CDC reports rise in cases of rare, polio-like disease in children known as AFM
A disease known as AFM (acute flaccid myelitis), which can rarely cause polio-like paralysis in children, has reemerged in the United States – after virtually disappearing for most of the COVID-19 pandemic. 19, according to an alert issued by the US Centers for Disease Control and Prevention.
The CDC reports that pediatric hospitalizations in patients with severe respiratory illnesses who have also tested positive for rhinovirus (RV) and/or enterovirus (EV) have increased across the country this summer. RV and VE. “After further typing, some samples tested positive for enterovirus D68 (EV-D68),” the CDC states. “EV-D68 has been associated with acute flaccid myelitis (AFM), a rare but serious neurological complication involving limb weakness.”
The CDC also points out that while AFM rates are increasing, the condition is still extremely rare.
Common symptoms in children hospitalized with EV-D68 include coughing, shortness of breath, and wheezing. Fever is reported in about half of known cases.

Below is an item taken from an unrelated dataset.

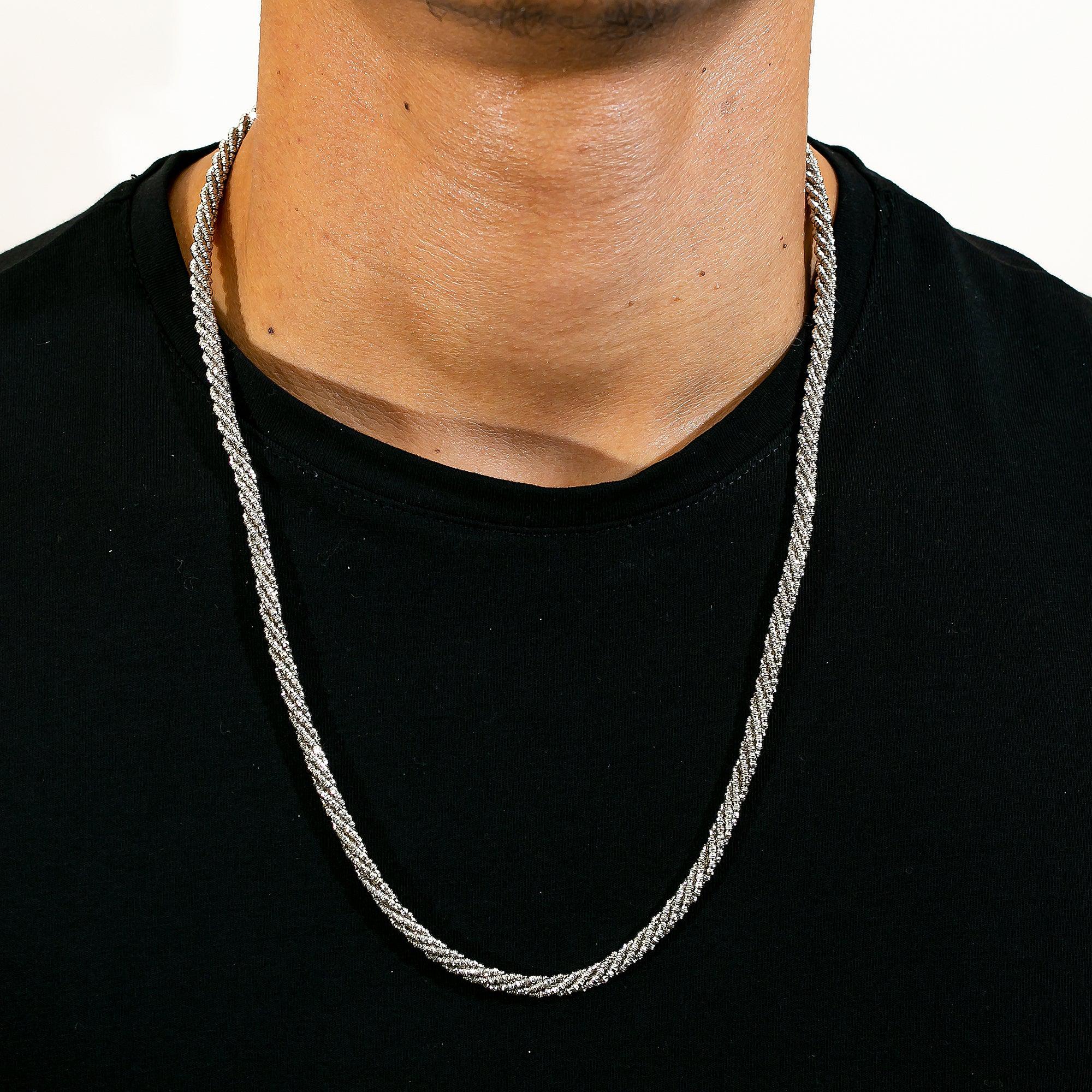 10k White Gold 4.54mm Moon Laser Chain Available In Sizes 18"-26"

AFM is a rare but serious neurological condition. Symptoms of AFM include sudden onset of arm or leg weakness, loss of muscle tone and loss of reflexes are the most common symptoms. Seek immediate medical attention if you or your child develops any of these symptoms, the CDC urges. Over 90% of MFA cases occur in young children.
The CDC has previously seen an increase in AFM cases, 2015, 2016, and 2018.
In the United States, RVs travel year-round, with typical peaks in the spring and fall. Typical EV season is late summer and early fall; likewise, EV-D68 is believed to peak in late summer and early fall.
The CDC provides more information on these links: enterovirus D68 (EV-D68) and acute flaccid myelitis (AFM).